Hi and welcome to the forum. Barcelona is known for being a bit pricey, so I guess the nearer you go the worse it will become, also the time of the year you´re coming is also pricey cos of the tourists/holiday makers etc, so that wont help you either!!!

Going inland tends to get cheaper, so have a look at googleearth or maps and see whats around. I dont live in that end, I´m further west in Andalucia, so I cant help with whats good and whats not.

I´m sure someone who knows more about your chosen area than me will be able to put you on the right track.

Gibralter is also a possible choice for accountants??? with the added bonus of being "british" and the area around it is cheaper than Barcelona, however, I´m sure you´ve looked and chosen wisely for your needs and have made your minds up, so forget I said anything !! Its not easy is it, knowing what to do for the best, especially when you´ve got kids. 

Good luck

Jo xxx


----------



## SteveHall

Well, welcome to the forum but as so often I am flabbergasted that you have done so little homework when you are coming with 3 children and with no schooling, accommodation or employment organised. 

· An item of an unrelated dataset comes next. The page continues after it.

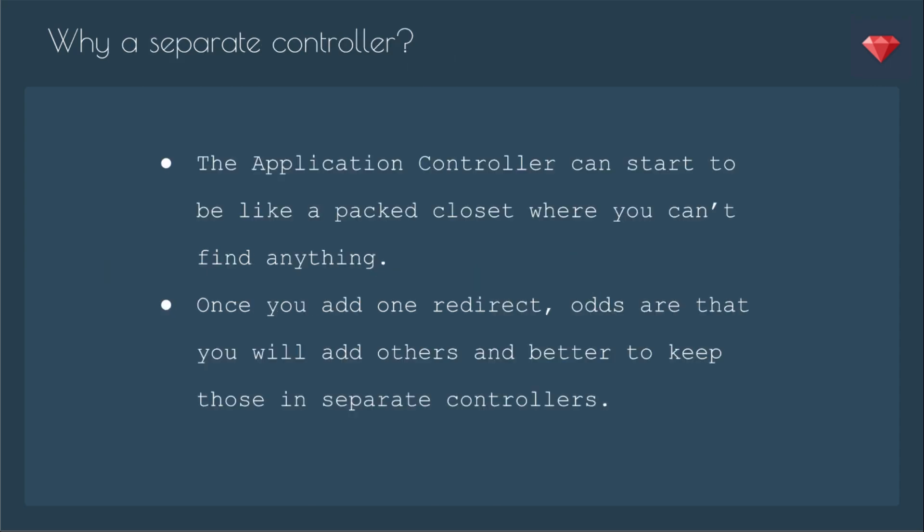Now, why a separate controller? You could put this code in the application controller, but that can start to be like a packed closet where you can't find anything. I have had projects where I decided to put all of that Devise redirect information in my application controller, and later I did regret it and moved it out into a registration or session controller. Because once you add one redirect, odds are that you will add others, and better to keep those in separate controllers.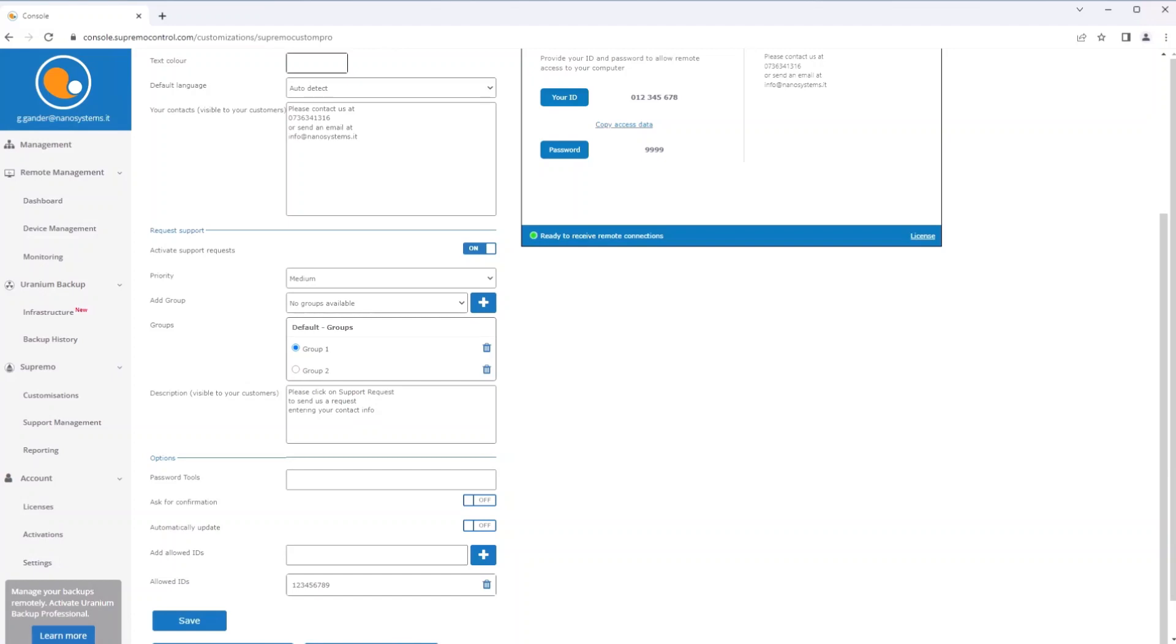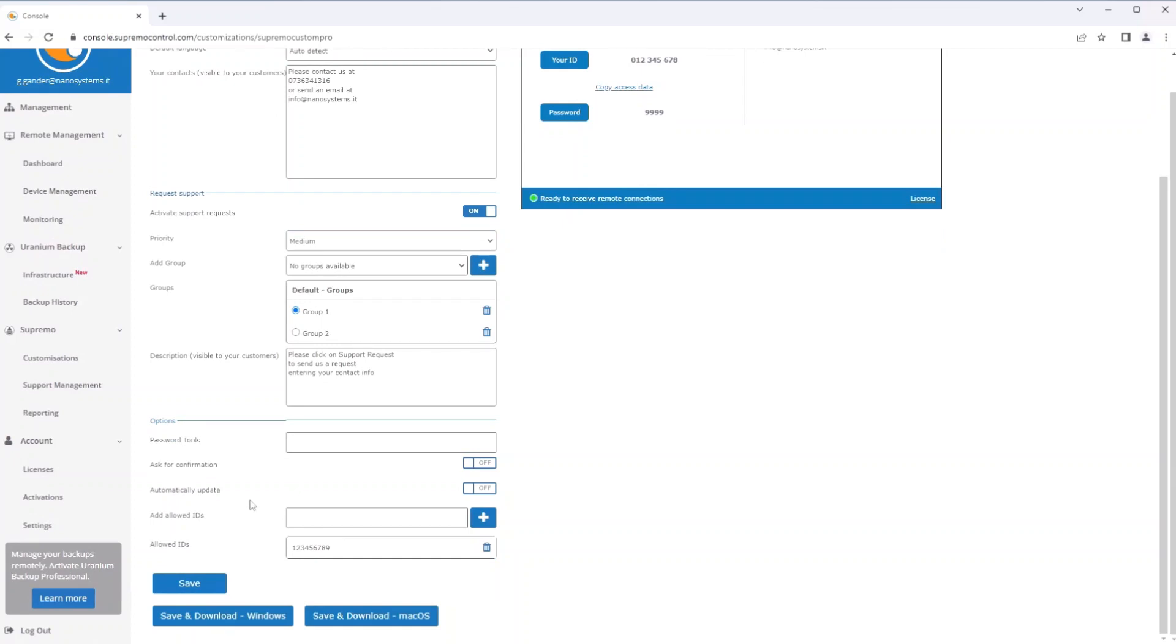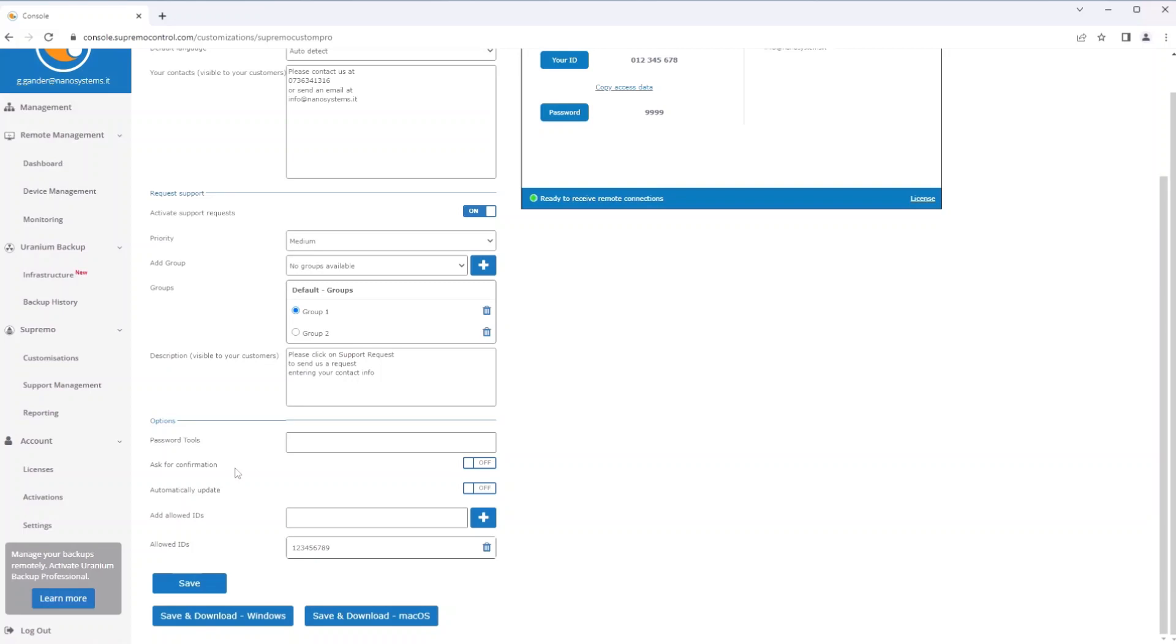Finally, it is possible to define some configurations at the centralized level, such as the list of authorized IDs, the password protecting the tools panel, automatic updates, and the request for confirmation to receive connections from the outside, so that when the client starts Supremo these options are already set and it is not necessary to connect remotely to the PC to go and configure these options.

First challenge is the schooling - you do not not say how old the children are. In which language do you want them to be taught. If you go to most of Catalonia they are going to have to learn castellano and catalán. Do you or your husband speak either of the languages? 
If not, how are you going to help them with their homework? 

I am not sure why you feel your husband will get work in Barcelona but perhaps you have contacts there. The one thing that he will find is that his British qualifications count for nothing so whilst he may be able to do basic book-keeping and prepare accounts these will have to then be submitted by a qualified Spanish accountant. 

As Jojo says, Barcelona is known as one of the most expensive cities in Europe and whilst it also one of my favourite cities, I think you will be lucky to get a 3/4 bedroomed apartment that is in a good/well-located are for 800 euros. 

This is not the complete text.